Any modern nation-state with diversity of ethnic and religious citizens and interests will not be entirely without conflict. Conflicts indicate there are tensions in the society and they may be due to historical experiences of injustices, discrimination and misunderstanding. The nation-state itself should be able to intervene in such problematic situations, resolve conflicts and restore justice.

What is important is not to try to avoid conflicts, but to solve them in creative ways without allowing the eruption of violence. This effort has its background in the creation of trust and relationships among the parties involved. However, this can only come about through the effort of a determined selfless, inclusive leadership and government that is neutral to all the parties involved.

For this to happen, also, the nation-state needs to develop a creative constitution of true federalism as well as common laws and legal systems that are neutral to all ethnic and religions, operative in the country. Any act of favoritism of the state (constitution, legal system, laws, by-laws, etc.) to one ethnic or to a particular religion in a pluralistic society such as Nigeria, destroys the foundation of the nation-state itself.

We all know that there are manifestations of religious and ethnic culture, which we cannot condemn: belief in the existence of One-True God who is the Creator and Father of us all and worship of Him, religious teaching on peace and love of one another irrespective of our differences.

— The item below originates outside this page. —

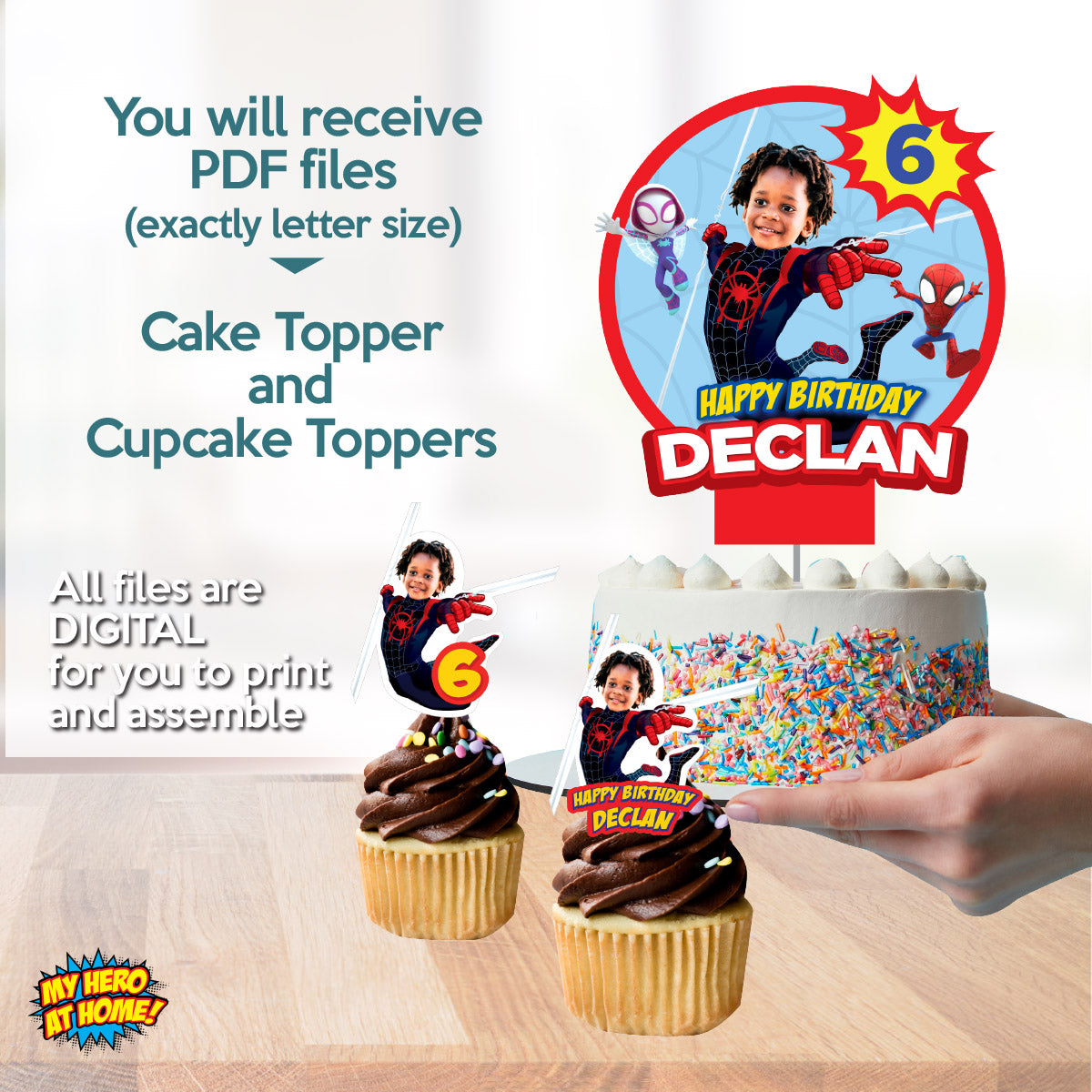 Matching Cake and Cupcake Toppers Bundle with birthday kid as Spin Miles Morales. 2104B5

The state is obliged to protect people’s fundamental rights to freedom of religion and worship. The state must not muddle or infringe in the people’s rights and freedom of religion and worship. The rights of individuals and groups to belief and worship of God according to their religious persuasion and freedom of conscience are untouchable by any person, state or institution for that matter.

It is for all these reasons, religious freedom and worship are protected by international and national laws and conventions. No individual or state has any right to infringe on people’s freedom of religion and worship.

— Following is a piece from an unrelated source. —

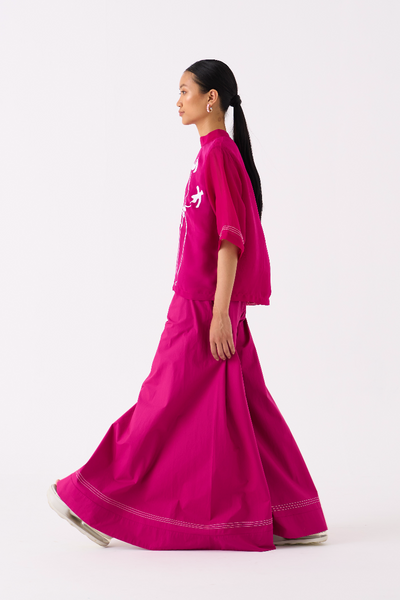 WIDE LEG BROAD BOTTOM-FUSCHIA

Similarly, the good qualities of ethnic manifestations are no less important, for example, peculiar habits of dress, food, language, music, etc. Many of these manifestations are positive and desirable and confer richness on our national culture.

However, as Chinua Achebe said in his celebrated small book, “The Trouble with Nigeria” (1983):

“But to prevent a citizen from living or working anywhere in his/her country, or from participating in the religious, social, political, economic life of the community in which he/she chooses to live is another matter altogether. Our constitution disallows it even though, like its makers, it manages to say and unsay on certain crucial issues.”

Prejudice against ‘outsider’ or ‘strangers’ is an attitude one finds everywhere. But no modern state can lend its support to such prejudice without undermining its own progress and civilization.

Moreover, it is a measure of self-delusion that we talk about “keeping Nigeria one is a task that must be kept”, yet the Nigerian state and all its institutions, practice, endorse and condone such habits as ethnic and religious discrimination, prejudice and bigotry in all facets of our public life and school education. Although Nigeria is still a young nation, yet one could have expected its ruling elites to imbibe a culture of religious and ethnic tolerance in its actions and inaction. That is, to show by example, that they mean to build a truly united nation-state that is home to all, irrespective of our ethnic and religious differences.

The state’s favoritism of a particular ethnic and religious group and discriminating against the other (ethnic and religious group), is a temptation Nigeria as a nation-state has not been able to overcome and address creatively and resolve. This original sin of Nigerian state calls for an urgent attention today more than ever.

In discussing further these issues in “The Trouble with Nigeria”, Achebe has the whole Nigeria as his audience. Achebe’s “The Trouble with Nigeria”, discussed the failure of leadership at the highest political echelon of the country as the trouble with Nigeria.

Achebe condemned corrupt leaders who promote mediocrity instead of hard work and excellence, and said that they are indeed, the trouble with Nigeria. Achebe in the book spoke against tribalism, lopsidedness and nepotism in Nigeria’s governance culture as the trouble with the country.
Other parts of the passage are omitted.